> _What is being asked_: Repeat, exactly and in full, the lines of the listing below, but without any pictures.

> _Data extracts_:

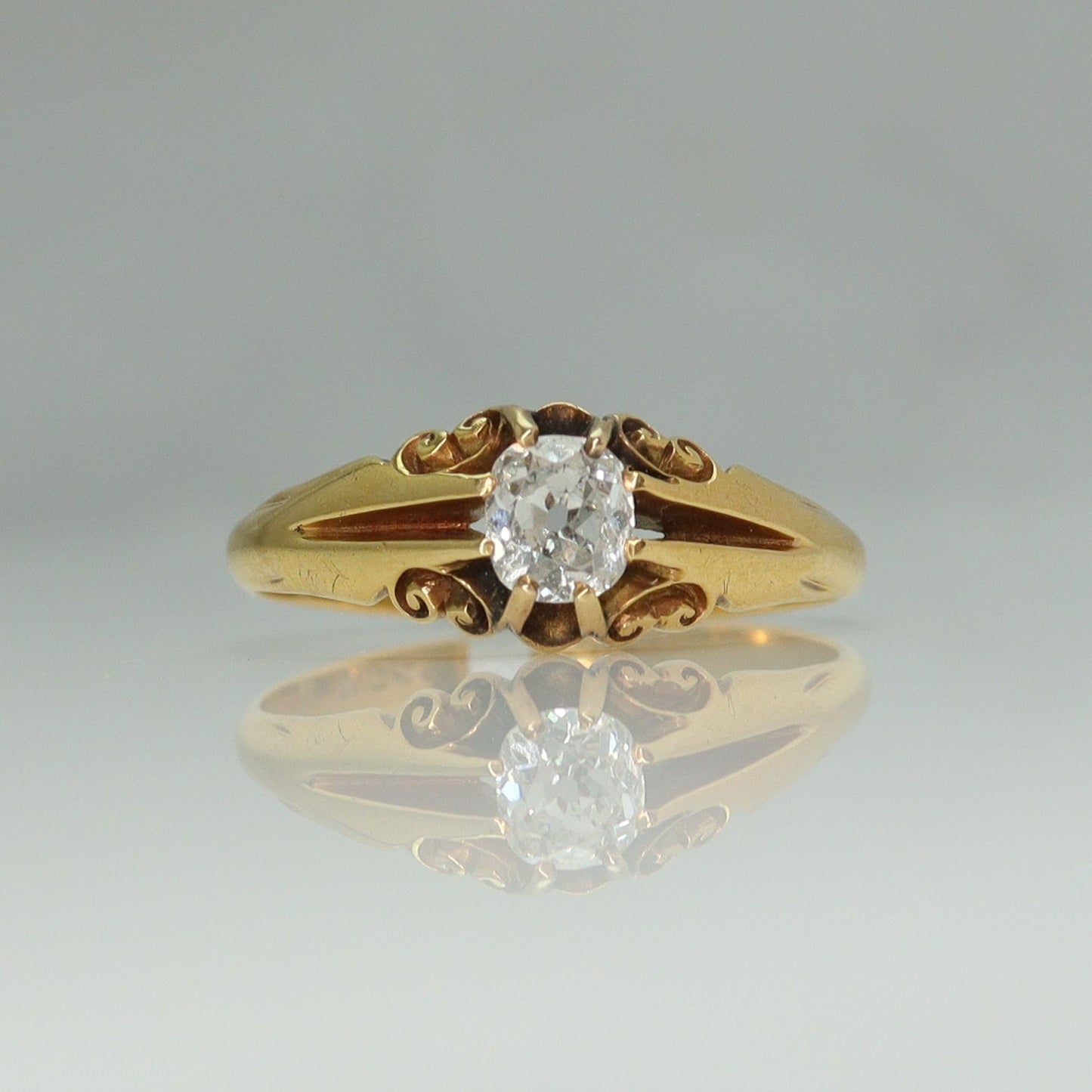 Edwardian 18ct Yellow Gold Diamond Belcher Ring - Friar House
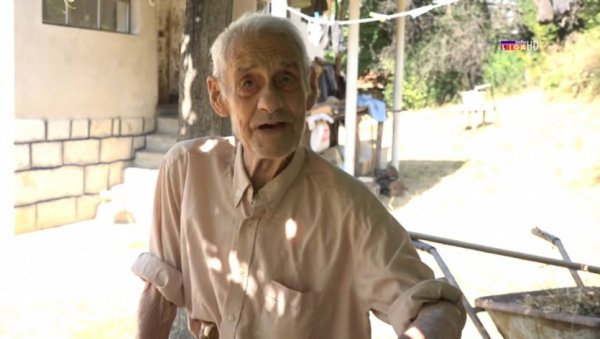 ПРОМЕНИО ТРИ ВОЈСКЕ И ДВА БРАКА: Најстарији мушкарац у Србији - Живан Поповић (106) из Латвице, живи сам у планини (ФОТО) ПРОМЕНИО ТРИ ВОЈСКЕ И ДВА БРАКА: Најстарији мушкарац у Србији - Живан Поповић (106) из Латвице, живи сам у планини (ФОТО)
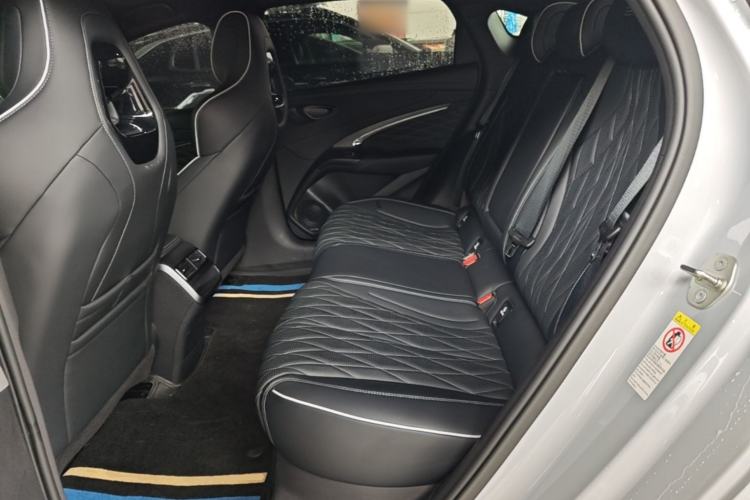 Used BYD Seal 2022 700 km Long-Range Rear-Wheel-Drive Version Left Rear Seat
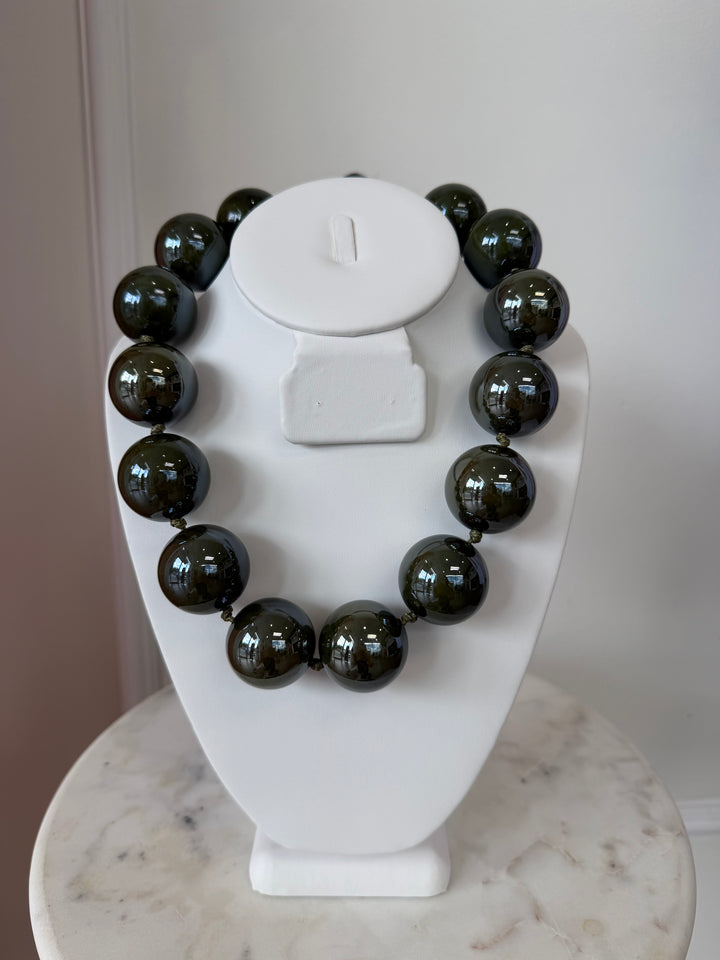 Chunky Round Bead Necklace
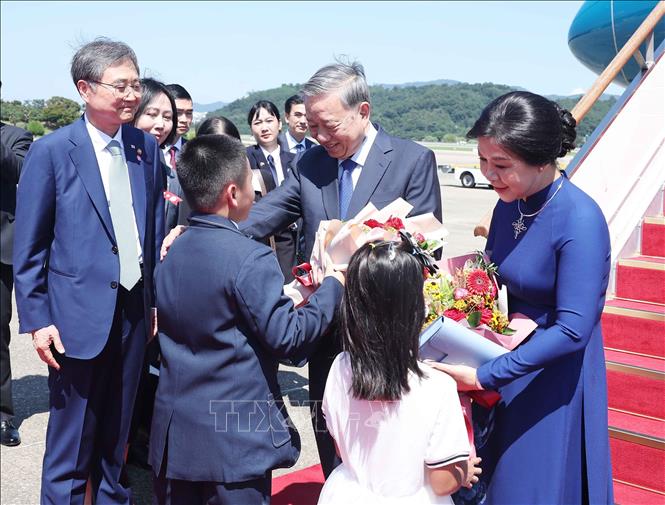 Tổng Bí thư Tô Lâm và Phu nhân tới Seoul, bắt đầu thăm cấp Nhà nước Hàn Quốc- Ảnh 2.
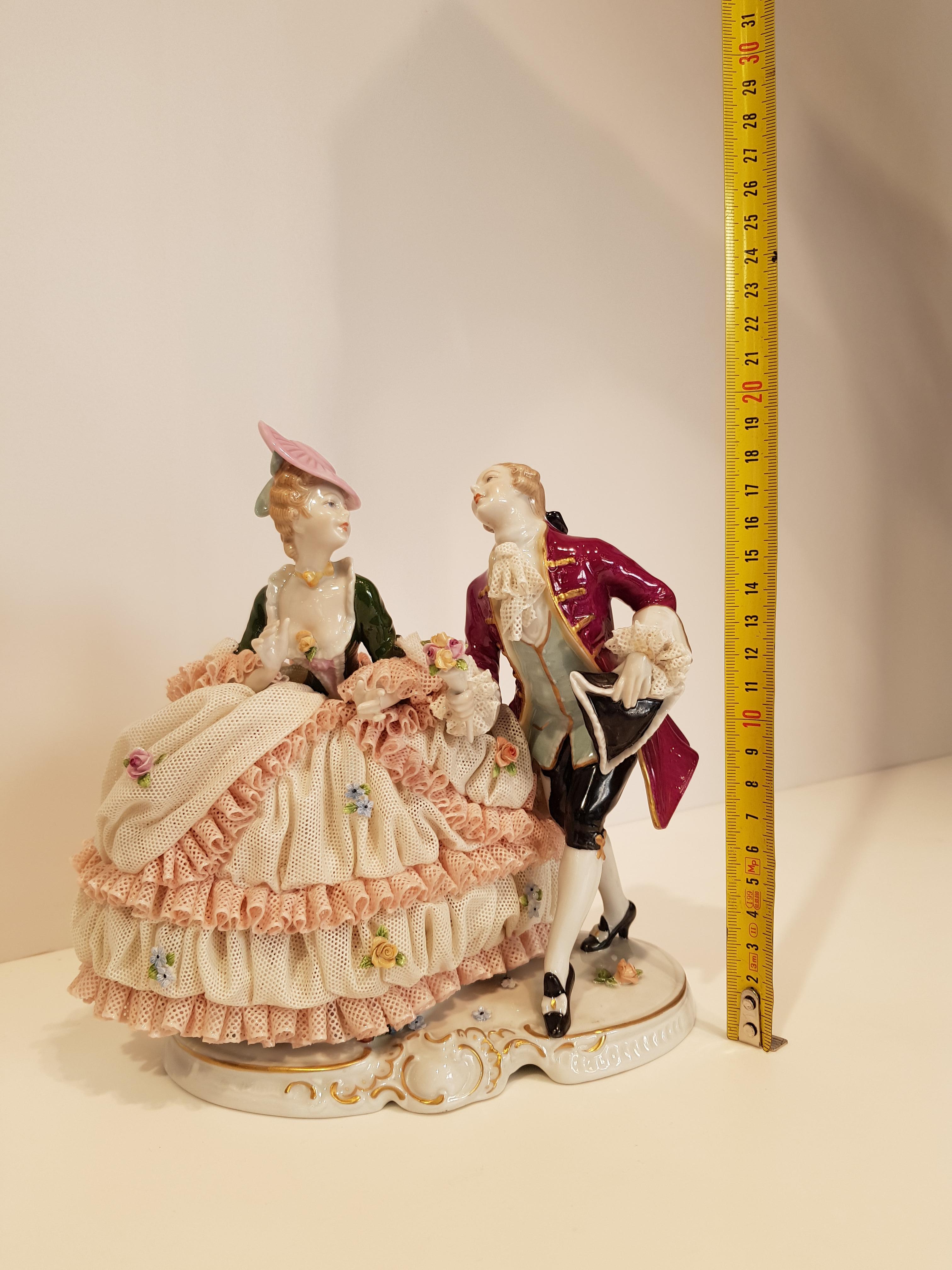 Original Unterweissbach porcelain Turingia (Germania), whose production ceased more than 50 years ago.
This Louis XVI style item is entirely finely crafted and hand decorated with the ancient techniques of the Unterweissbach artisans of the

> _Task output_:
 Edwardian 18ct Yellow Gold Diamond Belcher Ring - Friar House
 ПРОМЕНИО ТРИ ВОЈСКЕ И ДВА БРАКА: Најстарији мушкарац у Србији - Живан Поповић (106) из Латвице, живи сам у планини (ФОТО) ПРОМЕНИО ТРИ ВОЈСКЕ И ДВА БРАКА: Најстарији мушкарац у Србији - Живан Поповић (106) из Латвице, живи сам у планини (ФОТО)
 Used BYD Seal 2022 700 km Long-Range Rear-Wheel-Drive Version Left Rear Seat
 Chunky Round Bead Necklace
 Tổng Bí thư Tô Lâm và Phu nhân tới Seoul, bắt đầu thăm cấp Nhà nước Hàn Quốc- Ảnh 2.
 Original Unterweissbach porcelain Turingia (Germania), whose production ceased more than 50 years ago.
This Louis XVI style item is entirely finely crafted and hand decorated with the ancient techniques of the Unterweissbach artisans of the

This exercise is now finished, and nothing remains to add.